Understanding the transport mechanisms of the electrogenic transporters SLC26A3 andSLC26A6

了解生电转运蛋白 SLC26A3 和 SLC26A6 的转运机制

• 批准号: 441921356
• 负责人: Professor Dr. Dominik Oliver
• 金额: --
• 依托单位: Institut für Physiologie und Pathophysiologie
• 依托单位国家: 德国
• 项目类别: Research Units
• 资助国家: 德国
• 项目状态: 未结题
• 来源: https://gepris.dfg.de/gepris/projekt/441921356?language=en
• 关键词: Understanding; transport; mechanisms; electrogenic; transporters

SLC26 transporters are divergent in mediating either stoichiometrically coupled anion antiport or uncoupled permeation.

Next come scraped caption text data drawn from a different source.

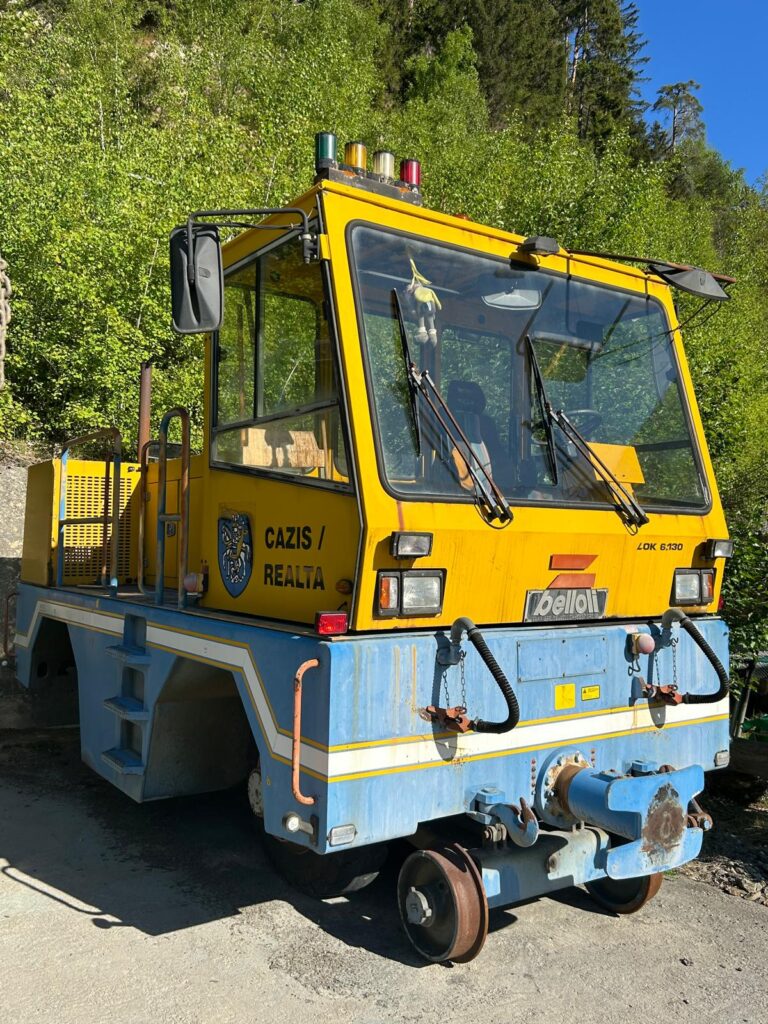 Gemeinde Cazis sucht neuen Besitzer für Schienentraktor „Mathilda“, eine „Zephir LOK 6.130, Baujahr 1997“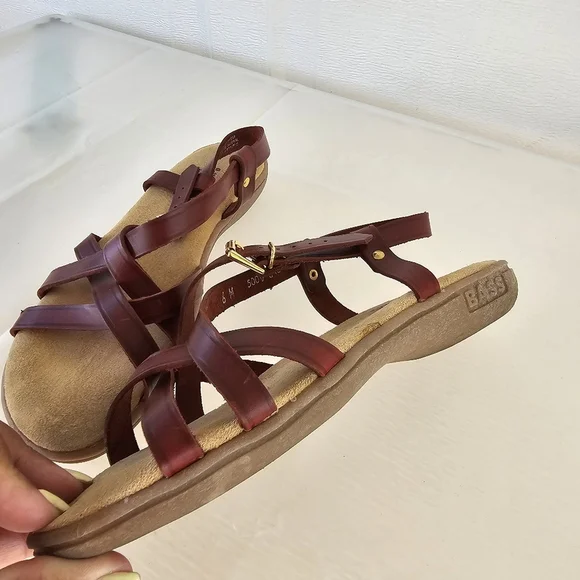 G.H. Bass & Co. Sunjuns Women's Brown Sandals - Picture 7 of 8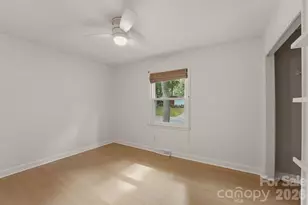 5301 Glenham Dr, Charlotte, NC 28210 - Photo 17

The mechanisms underlying both transport modes are unknown. Only recently, experimental high-resolution structures of a bacterial and a mammalian SLC26 isoform as well as of structurally related transporters emerged, defining the general 7TMIR architecture and enabling a hypothesis-driven approach to molecular mechanisms. We will now use a functional strategy to understand the anion translocation mechanisms in coupled mammalian SLC26A3 and A6 as important intestinal isoforms. Being electrogenic, these isoforms are well-suited models that can be probed by experimental approaches established by us previously with non-mammalian SLC26A5. While both isoforms are closely related according to sequence homology, they differ in transport stoichiometry, allowing for comparative probing of mechanistic details. The experimental strategy will combine electrophysiology and ion ratioing to characterize transport activity comprehensively and site-directed mutagenesis to examine anion binding sites and mechanisms. The conformational dynamics underlying anion translocation will be probed by cysteine-modification, crosslinking strategies, and fluorometric assays. While pharmacology of SLC26 transporters is still largely lacking, hydrophobic anions have been found to act as competitive inhibitors of SLC26A5. We will systematically explore structural requirements and mechanisms of such inhibitors of SLC26A3 and A6. Lastly, we are interested in regulation of transport, which may be mediated by the cytoplasmic C-terminal STAS-domain. We will therefore examine the interaction between the STAS domain and the transmembrane domain that mediates ion translocation. Our approach is highly complementary to the projects within this Research Unit aiming at determination of high-resolution structures of SLC26s and at molecular dynamics modeling.

SLC26转运蛋白在介导化学计量偶联阴离子反向转运或非偶联渗透方面是不同的。这两种运输模式的机制尚不清楚。直到最近，实验高分辨率结构的细菌和哺乳动物SLC26亚型以及结构相关的转运蛋白出现，定义了一般的7TMIR架构，并使一个假设驱动的方法的分子机制。我们现在将使用功能策略来了解耦合哺乳动物SLC 26A3和A6作为重要的肠道亚型的阴离子易位机制。作为产电的，这些亚型是非常适合的模型，可以通过我们先前用非哺乳动物SLC 26 A5建立的实验方法来探测。虽然这两种亚型是密切相关的序列同源性，它们不同的运输化学计量，允许比较探测的机制细节。实验策略将结合联合收割机电生理学和离子比率法来全面表征转运活性，并结合定点突变来研究阴离子结合位点和机制。将通过半胱氨酸修饰、交联策略和荧光测定来探测阴离子易位的构象动力学。虽然SLC26转运蛋白的药理学仍然很大程度上缺乏，但已发现疏水阴离子可作为SLC26A5的竞争性抑制剂。我们将系统地探讨这类SLC26A3和A6抑制剂的结构要求和作用机制。最后，我们感兴趣的运输，这可能是由细胞质C-末端STAS域介导的调节。因此，我们将研究STAS结构域和介导离子易位的跨膜结构域之间的相互作用。我们的方法是高度互补的项目在这个研究单位，旨在确定高分辨率的结构SLC26和分子动力学建模。